I think that Crimea is probably that place. It's very important to the Russians, both strategically and historically, and Russia has already said years ago that if it is threatened the response will be nuclear. They will defend it as they would Moscow or St. Petersburg.

But by formally annexing the four additional Ukrainian oblasts, Putin has kind of boxed himself into a corner. If they really are parts of Russia as he claims, don't they deserve the same nuclear defense as Crimea? Can he allow even the appearance that foreign enemies are chipping off pieces of the Russian Federation? Putin is under extreme pressure right now and I'm sure that many of his rivals have their knives out.

And we all know that the Ukrainians are steaming mad and that they smell blood after their recent battlefield victories. So they aren't going to back off and cede part of their country to Russia. So we seem to be headed for a fatal head-on collision.

Quote:What he'll strike is anyone's guess, aside from it being a target shocking enough to halt any further progress.

My guess is that the first use of nuclear weapons would be a demonstration shot. Probably detonated over the Black Sea or in some unhabited spot, if any exist in Ukraine. Its purpose would be to demonstrate that the nuclear red-line has been crossed, so stop now.

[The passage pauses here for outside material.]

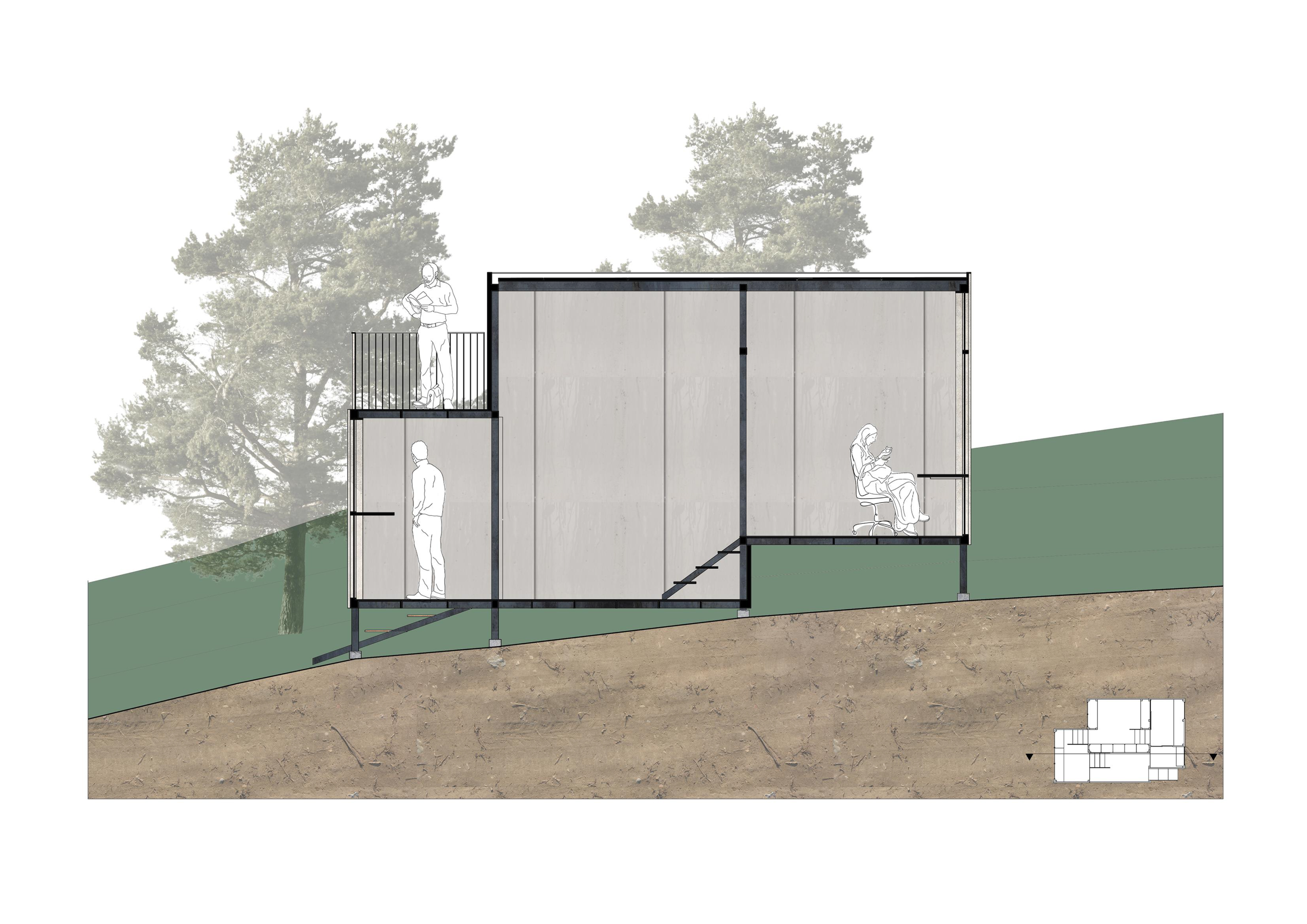 EstudioBiblioteca 图书馆设计丨阿根廷布宜诺斯艾利斯丨AyniLab-14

If Ukraine didn't take the hint, the next nuclear detonation would probably be someplace calculated to hurt their war effort. We might see a tactical nuclear weapon hitting a military base right outside Kyiv so that the city residents can see the flash and the mushroom cloud and hopefully panic. The Russians probably have a target list of military bases, transport hubs, electical generating plants, industry and all that.

Or alternatively, put a small nuclear weapon on downtown Kyiv in hopes of decapitating the government. Basically what they initially expected to do with conventional forces when the war started in February.

The wild card at that point would be how NATO (meaning the US) would respond. Political pressure to do something would be overwhelming. So there would probably be a military response against Russia. So the ratchet would be engaged and the world would be riding the escalator to nuclear annihilation.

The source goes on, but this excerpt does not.